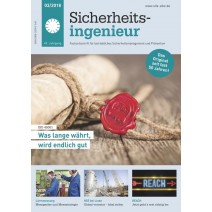 Sicherheitsingenieur Ausgabe 03.2018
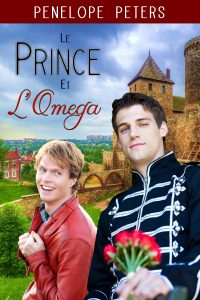 Cover to Le Prince et L'Omega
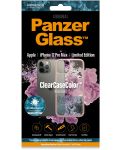 Калъф PanzerGlass - Clear, iPhone 12 Pro Max, прозрачен/розов - 2t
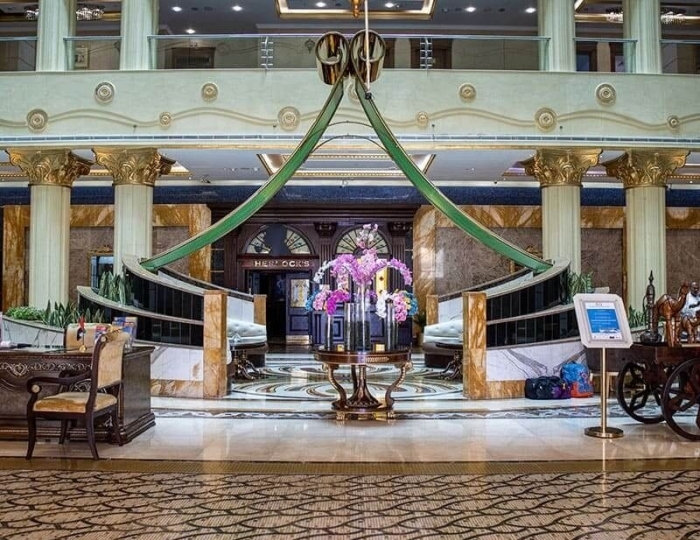 Grand Excelsior Hotel Al Barsha 4 звезды, Дубай, ОАЭ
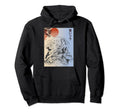 Vaporwave Aesthetic Elephant Surfing Hoodie - Aesthetic Graphic Unisex - T-Shirt, Sweatshirt, Hoodie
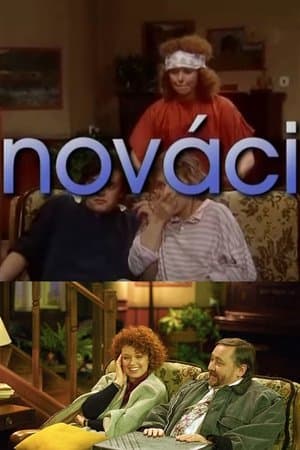 Nováci streaming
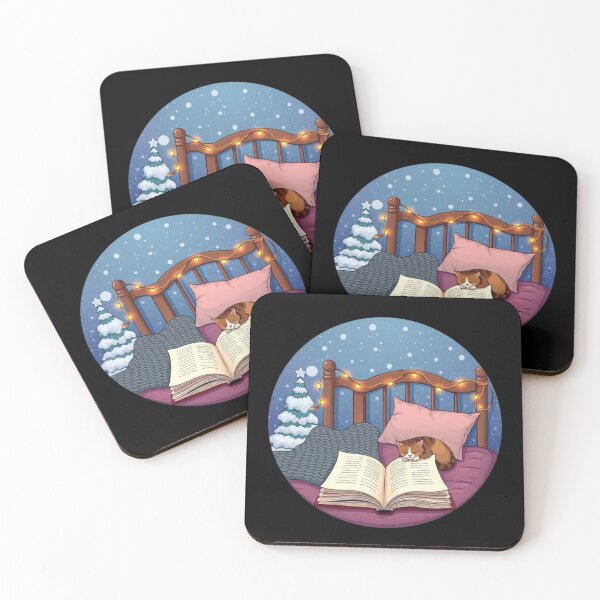 Item preview, Warm Pages in Winter designed and sold by Aetheriswork.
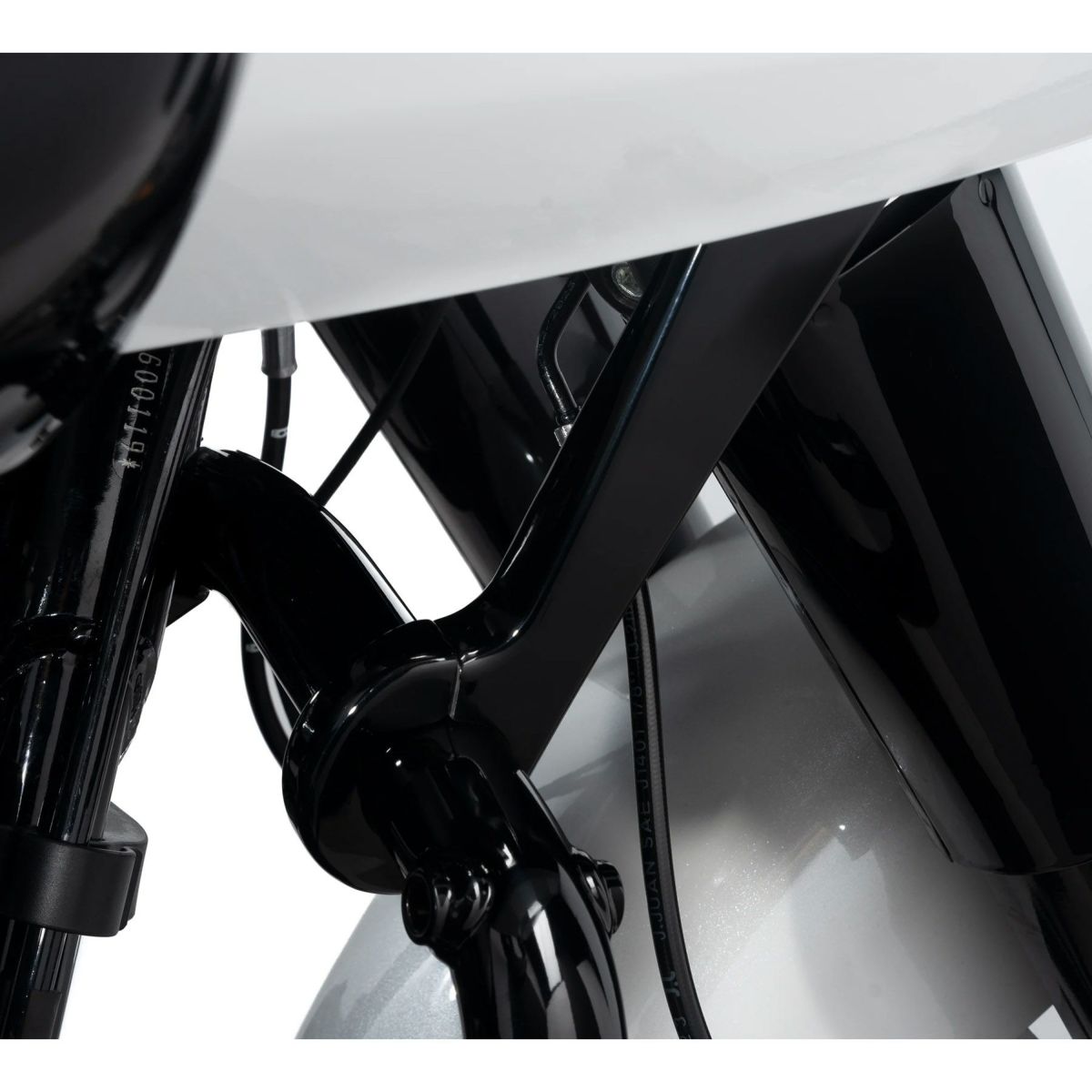 2024以降 ロードグライド フェアリングサポートキット (ブラック)2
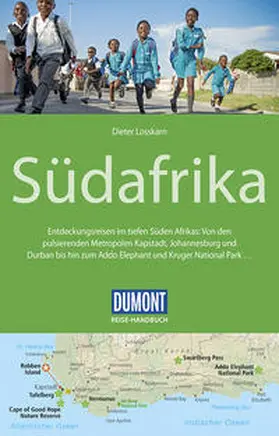 Losskarn |  DuMont Reise-Handbuch Reiseführer Südafrika | Buch |  Sack Fachmedien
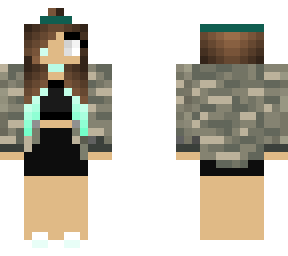 minty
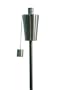 ACE TRADING BRAIN 3 10305005 "Bird Brain" Stainless Steel Garden Torch (pack of 24)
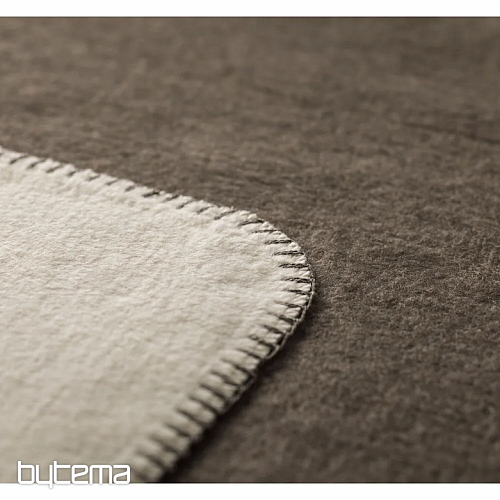 Coperta DF SAVONA SKIMANIA BEIGE
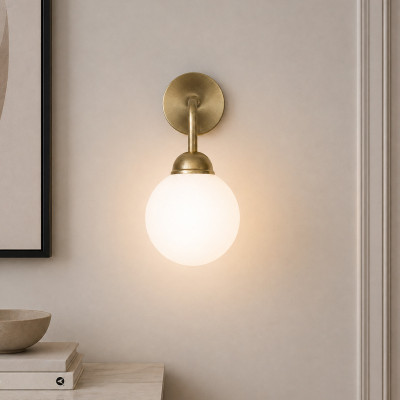 Светильник настенный MSK Electric Luna Е27 PL 20260-1 BN 200x150x330 мм Бронзовый (622654) Светильник настенный MSK Electric Luna Е27 PL 20260-1 BN 200x150x330 мм Бронзовый (622654)
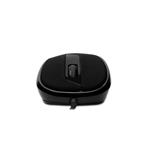 Connect IT CMO-1200-BK optická myš, USB, čierna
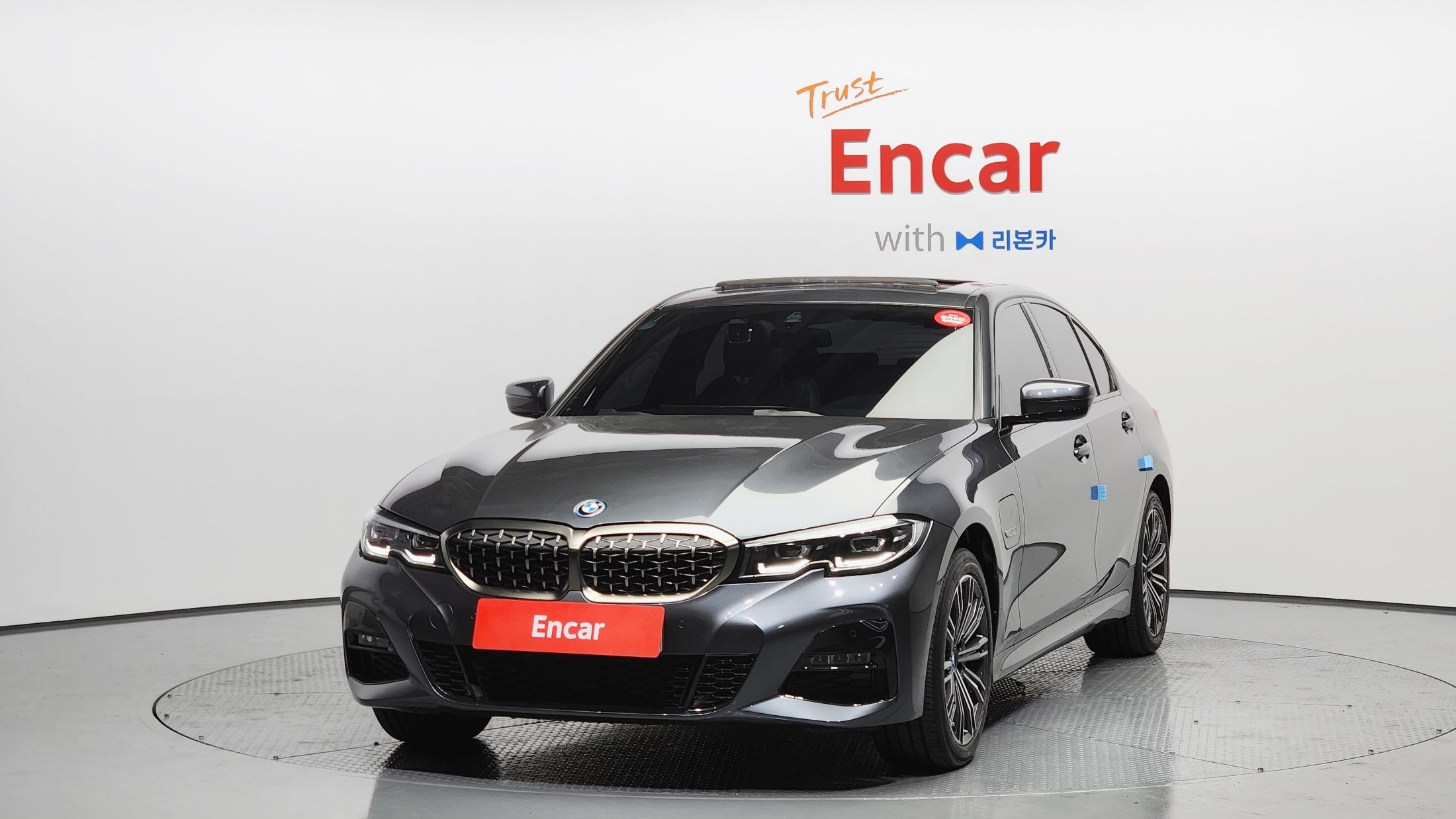 BMW 3-SERIES G20 2022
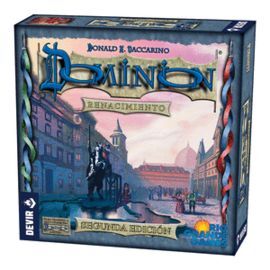 JUEGO DE MESA DOMINION RENACIMIENTO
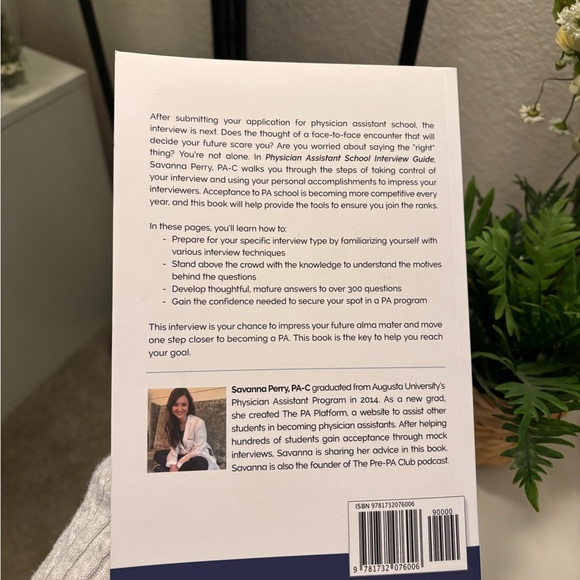 Physician Assistant Interview Guide - Picture 2 of 3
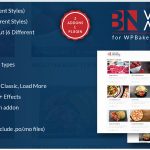 Blog and Newss for WPBakery Page Builder WP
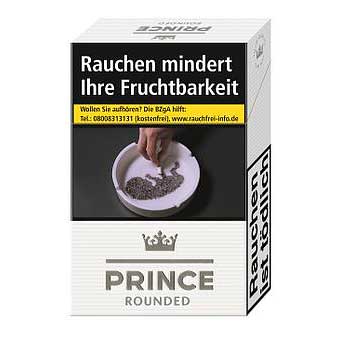 Einzelpackung Prince Rounded (1x20) Zigaretten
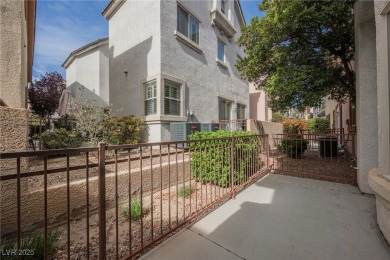 Live a Luxury Lifestyle in Tudor Park at Queensridge. Step into on Badlands Golf Club in Nevada - for sale on GolfHomes.com, golf home, golf lot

● PROBLEM REQUIREMENTS: When you repeat the records, reproduce each line exactly and drop the images.

● SOLVED PROBLEM:
 Sicherheitsingenieur Ausgabe 03.2018
 Cover to Le Prince et L'Omega
 Калъф PanzerGlass - Clear, iPhone 12 Pro Max, прозрачен/розов - 2t
 Grand Excelsior Hotel Al Barsha 4 звезды, Дубай, ОАЭ
 Vaporwave Aesthetic Elephant Surfing Hoodie - Aesthetic Graphic Unisex - T-Shirt, Sweatshirt, Hoodie
 Nováci streaming
 Item preview, Warm Pages in Winter designed and sold by Aetheriswork.
 2024以降 ロードグライド フェアリングサポートキット (ブラック)2
 Losskarn |  DuMont Reise-Handbuch Reiseführer Südafrika | Buch |  Sack Fachmedien
 minty
 ACE TRADING BRAIN 3 10305005 "Bird Brain" Stainless Steel Garden Torch (pack of 24)
 Coperta DF SAVONA SKIMANIA BEIGE
 Светильник настенный MSK Electric Luna Е27 PL 20260-1 BN 200x150x330 мм Бронзовый (622654) Светильник настенный MSK Electric Luna Е27 PL 20260-1 BN 200x150x330 мм Бронзовый (622654)
 Connect IT CMO-1200-BK optická myš, USB, čierna
 BMW 3-SERIES G20 2022
 JUEGO DE MESA DOMINION RENACIMIENTO
 Physician Assistant Interview Guide - Picture 2 of 3
 Blog and Newss for WPBakery Page Builder WP
 Einzelpackung Prince Rounded (1x20) Zigaretten
 Live a Luxury Lifestyle in Tudor Park at Queensridge. Step into on Badlands Golf Club in Nevada - for sale on GolfHomes.com, golf home, golf lot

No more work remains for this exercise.